The Ants Go Marching

When I was young and the weather began to get warm, my dad began his summer mantra:

Any kind of kid activity could potentially bring on the dreaded ants but dripping popsicles and ice cream cones were by far the worst offenders. We ate them outside...preferably in the grass. If any drips occurred on the concrete driveway or sidewalk they could be an invitation to a big ole ant party that could potentially find its way into the house. So the concrete would have to be washed down with the garden hose STAT. We were never told what would happen if the ants came...just that they would come. But the warning was enough for me. In fact it has followed me into adulthood and I frantically wipe down any sticky mess ASAP while exclaiming, "IT WILL BRING ANTS!"

Well, now I live in the tropics and ants are inescapable. We puny humans are on their turf. They are everywhere and they come in all varieties from giant red fire ants to standard black biters to the tiniest, busiest little ant ever.

I admit that I am fascinated with ants. I love to watch them...when they are outside. But like I said, they are everywhere here and I've been trying to be zen about them...I really am...but it's hard to shake the "IT WILL BRING ANTS!" mantra...AND I've finally learned what will happen if the ants come...they will build a nest in your CD boxes and invite all their next of kin to come over and rock out to the Wailers...

Breaking up such a raucous ant party is not much fun. On the one hand, I'm grateful that they were the tiny busy ones because they don't bite and they are actually pretty cool to watch. On the other hand, the tiny busy ones are super ambitious (not to mention industrious)...and just when you think you have them conquered they are right back to being busy...
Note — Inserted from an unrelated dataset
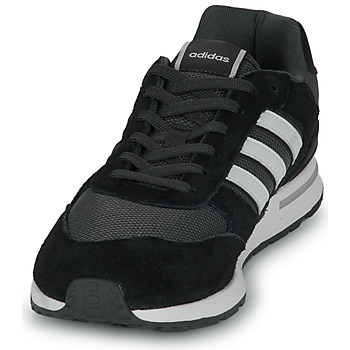 Adidas Sportswear RUN 80s Crna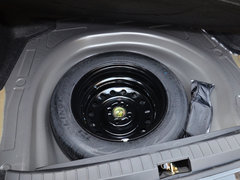 2014款 1.5L 手动 尊贵型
I want to try this ant bait recipe to see if that will keep them at bay. However, borax (the essential ingredient) is elusive in these parts. Any one else have a tried and true method for keeping ants outside?

Friday, May 27, 2011

Eating Local

We joined a CSA and are supporting an organic farm in the parish of St. Thomas! Organic Farming and Community Supported Agriculture are new concepts to Jamaica. Believe it or not, people need to be told to buy local produce! Even more astonishing is that the grocery stores will actually import the very same produce that can easily be grown here! (Watch the feature length documentary Life and Debt which although not entirely focused on global food distribution explains very well the plight of a small developing nation at the mercy of global policy makers such as the U.S. and beholden to the strangling grip of the I.M.F. and the World Bank.)

Now back to the Jamaican grocery store experience...there will often be "local" potatoes, tomatoes, cabbage right next to the "imported" ones. One must read the labels carefully...or just look closely at the vegetables because the imported ones are always bigger, cleaner and more attractive. But they don't taste nearly as good and for the price tag placed on something like imported lettuce it better be the best dang tasting lettuce in the world!! I can't believe that anyone would actually pay $9.00 (USD) for a head of bitter romaine when the local one is $2.00(USD) and so much sweeter!

We did an unintentional experiment when we first moved here and were ignorant of the imports at the grocery store. Sure, we new the shiny red delicious apples were certainly imported but we didn't really think about the carrots or onions and what not. We loaded up our cart and brought them home only to realize after reading over the receipt that much of what we bought was imported. Oh well, we thought...we'd be sure to read the labels next time and we loaded up our fridge. As the week progressed we noticed that the local produce was beginning to wilt and turn quickly to compost. We had to eat it up fast! And wow, did it taste GOOD! Meanwhile, the imported stuff was just as shiny and waxy as the day we brought it home from the store. It looked like fake food next to the local veggies.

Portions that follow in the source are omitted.